**Dataset section:**
▶

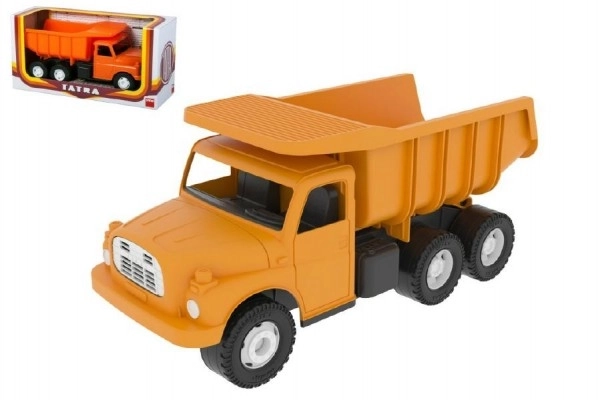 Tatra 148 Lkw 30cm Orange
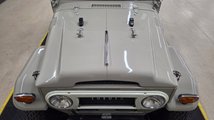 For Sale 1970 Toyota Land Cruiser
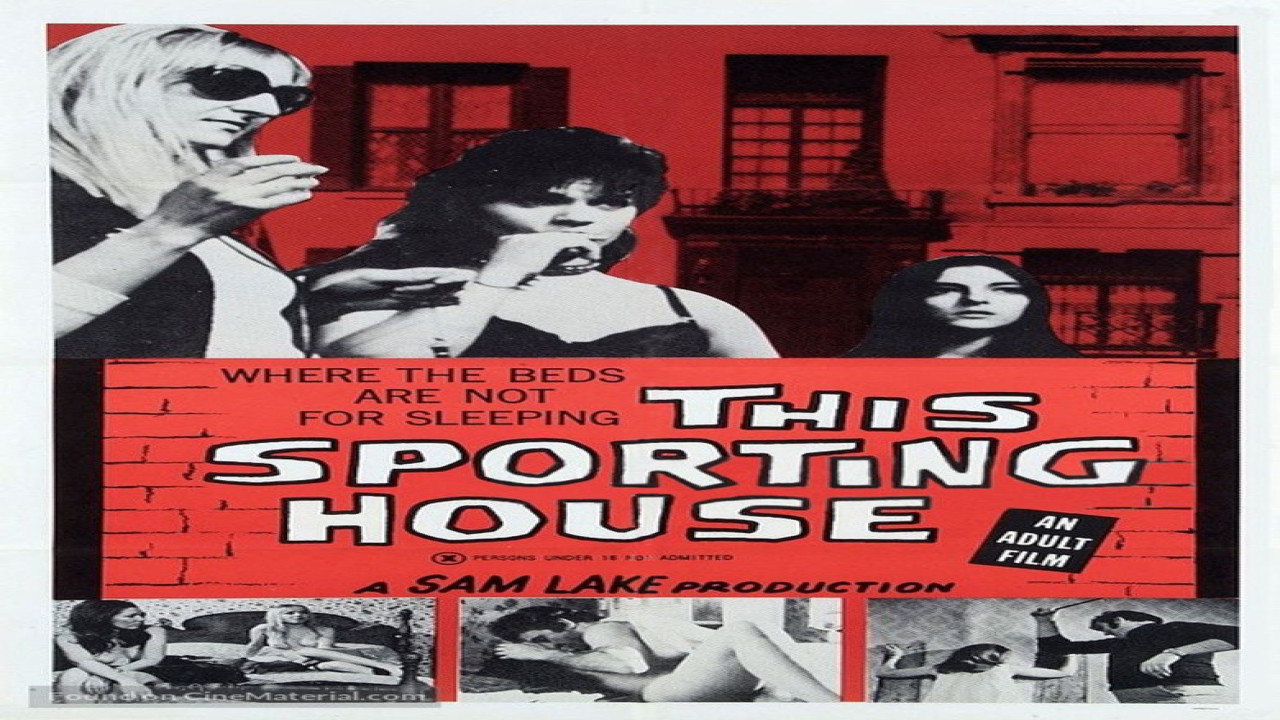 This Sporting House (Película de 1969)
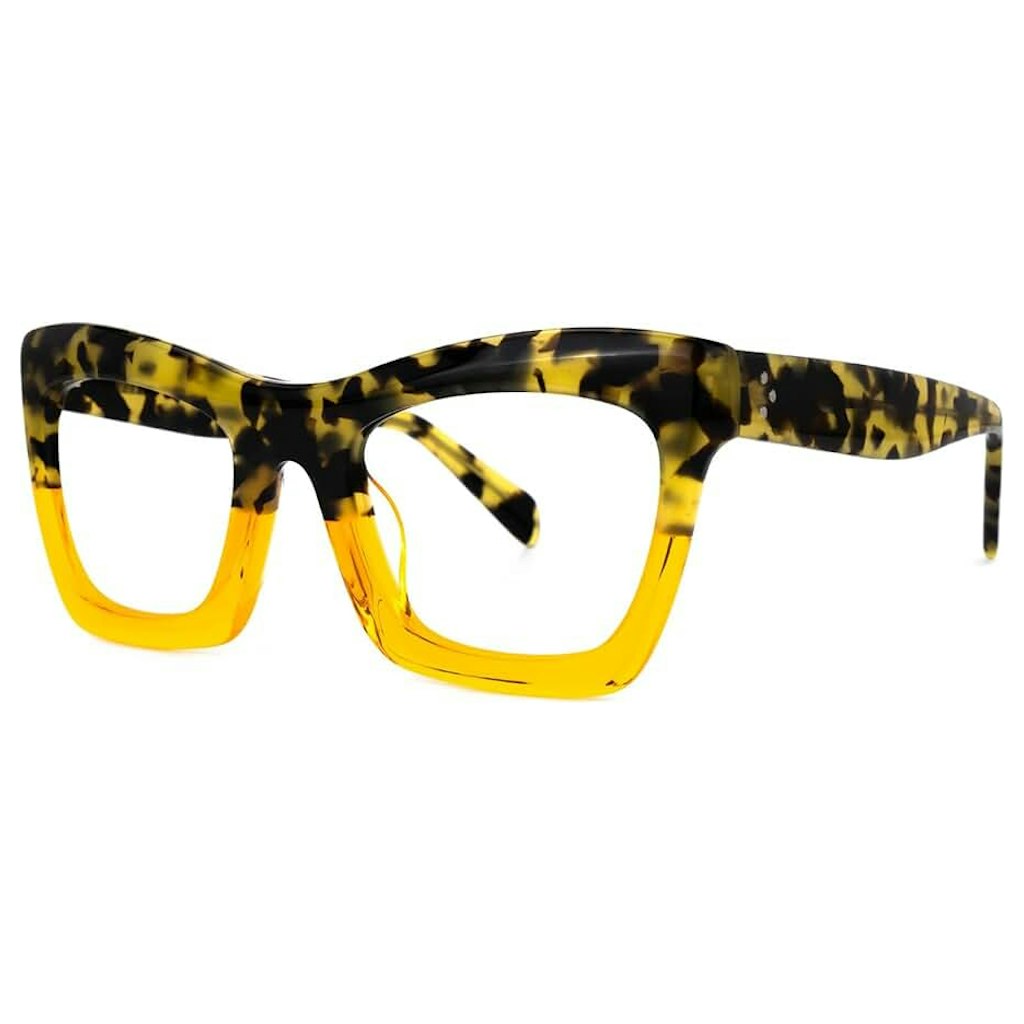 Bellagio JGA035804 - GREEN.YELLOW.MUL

◀

Please print the span that begins at the line holding "This Sporting House (Película de 1969)" and ends at the last line of the data, both ends included, with no pictures.

 This Sporting House (Película de 1969)
 Bellagio JGA035804 - GREEN.YELLOW.MUL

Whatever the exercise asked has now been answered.